■ **EXERCISE REQUIREMENTS**
Your reply should consist only of the lines from the one holding "Andrew Moor, CEO" to the last line of the data below, written out exactly and without pictures.

■ **SOURCE RECORDS**
※
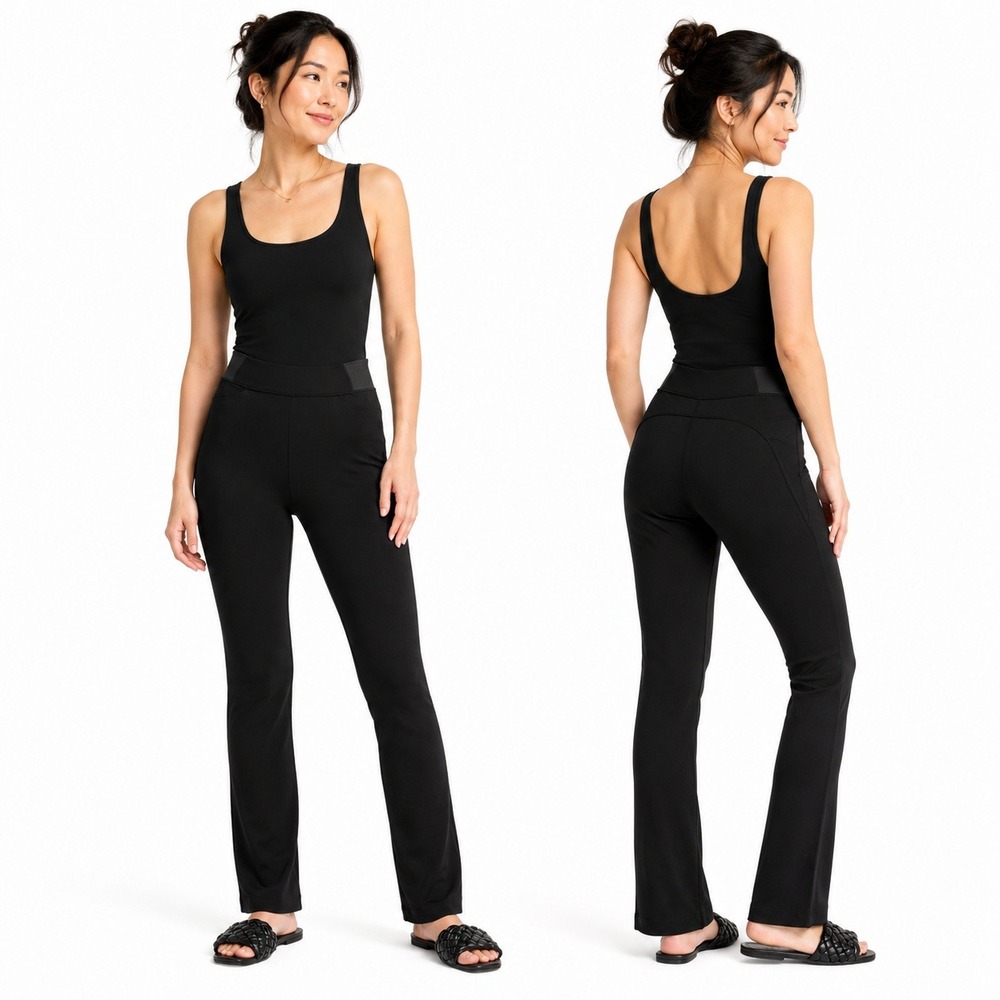 Women's Flare Leggings by‎ A New Day Ponte Black Size L New With Tags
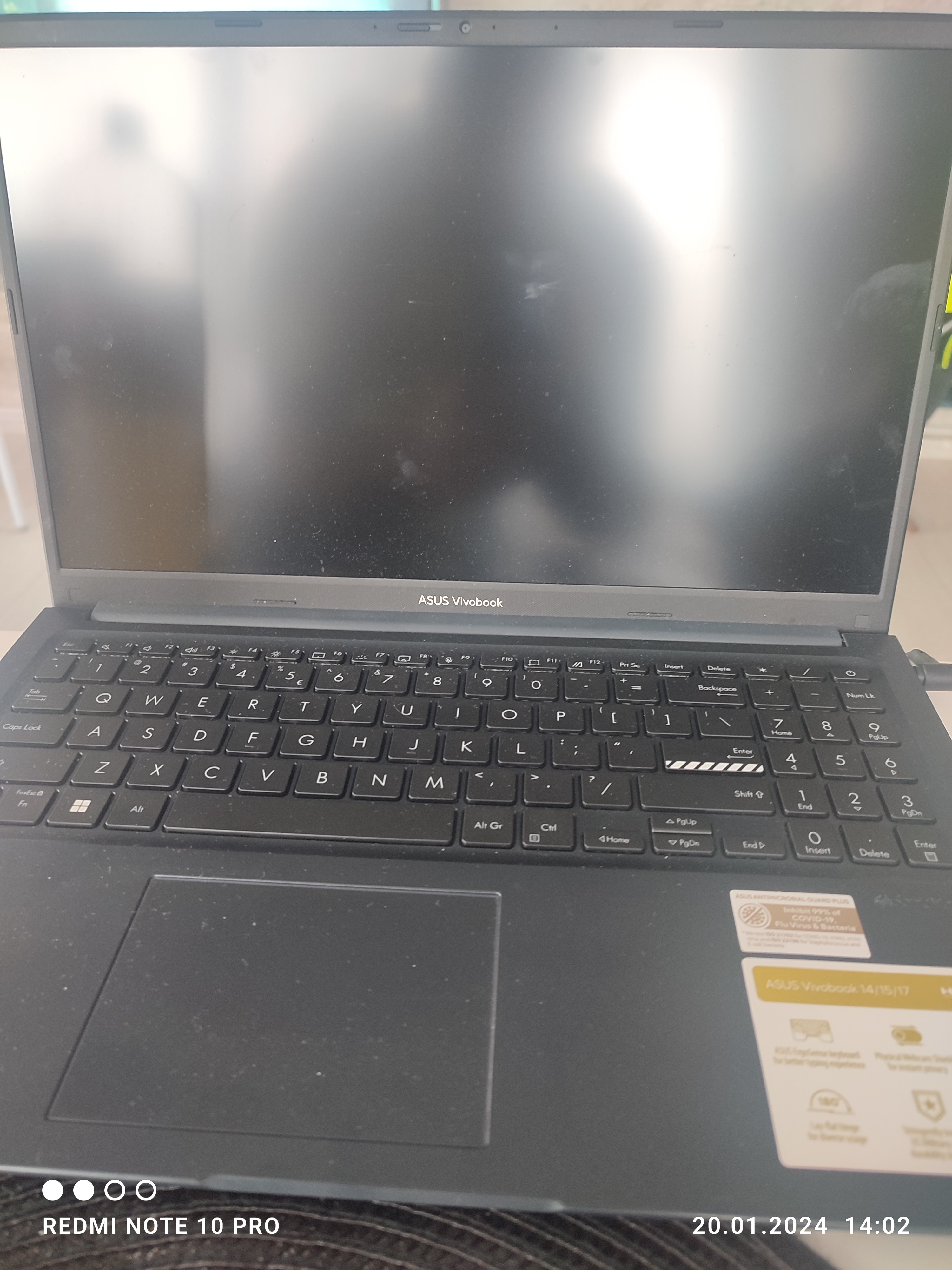 Laptop ASUS VivoBook 15 X1504ZA cu procesor Intel® Core™ i7-1255U pana la 4.70 GHz, 15.6", Full HD, IPS, 16GB, 512GB SSD, Intel Iris Xe Graphics, No OS, Quiet Blue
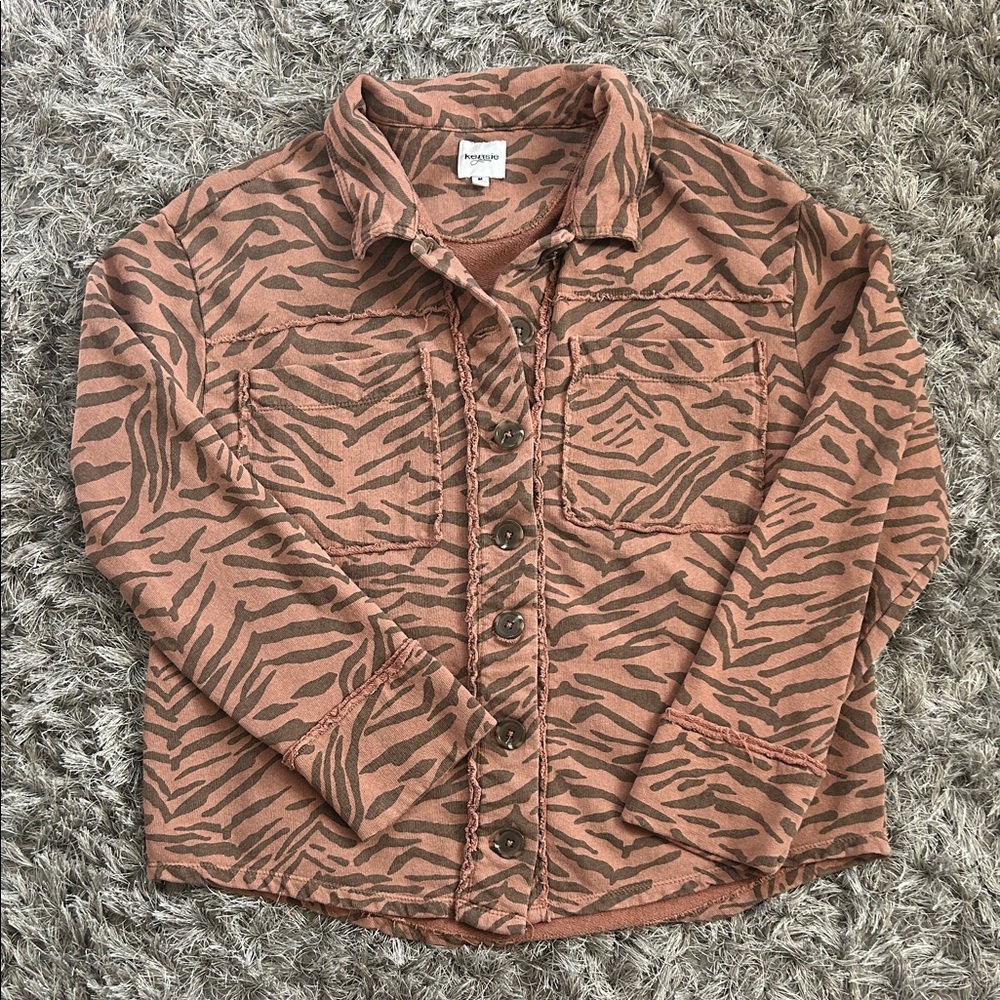 Kensie Animal Print Shacket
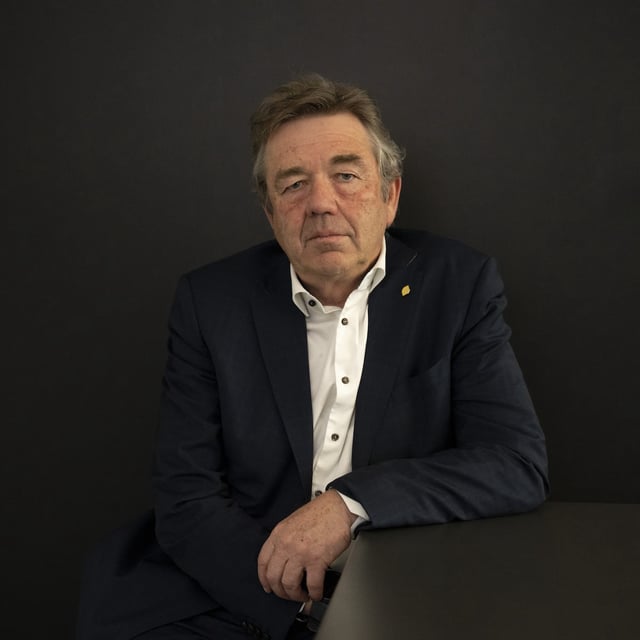 Andrew Moor, CEO of EQ Bank, in 2023. Mr. Moor died at age 65 over the weekend, the bank said on Tuesday.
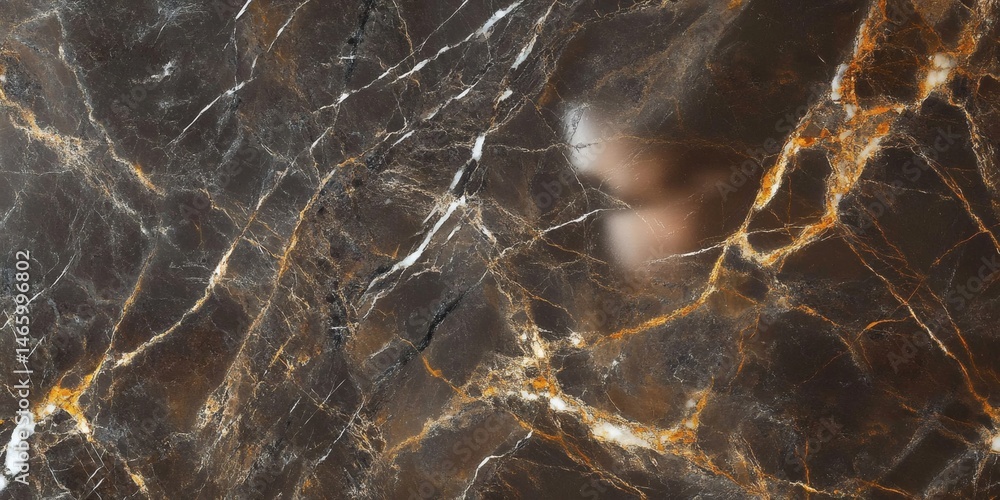 Natural brown marble stone texture background for interior surfaces and architectural material design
※
■ **TASK ANSWER**
 Andrew Moor, CEO of EQ Bank, in 2023. Mr. Moor died at age 65 over the weekend, the bank said on Tuesday.
 Natural brown marble stone texture background for interior surfaces and architectural material design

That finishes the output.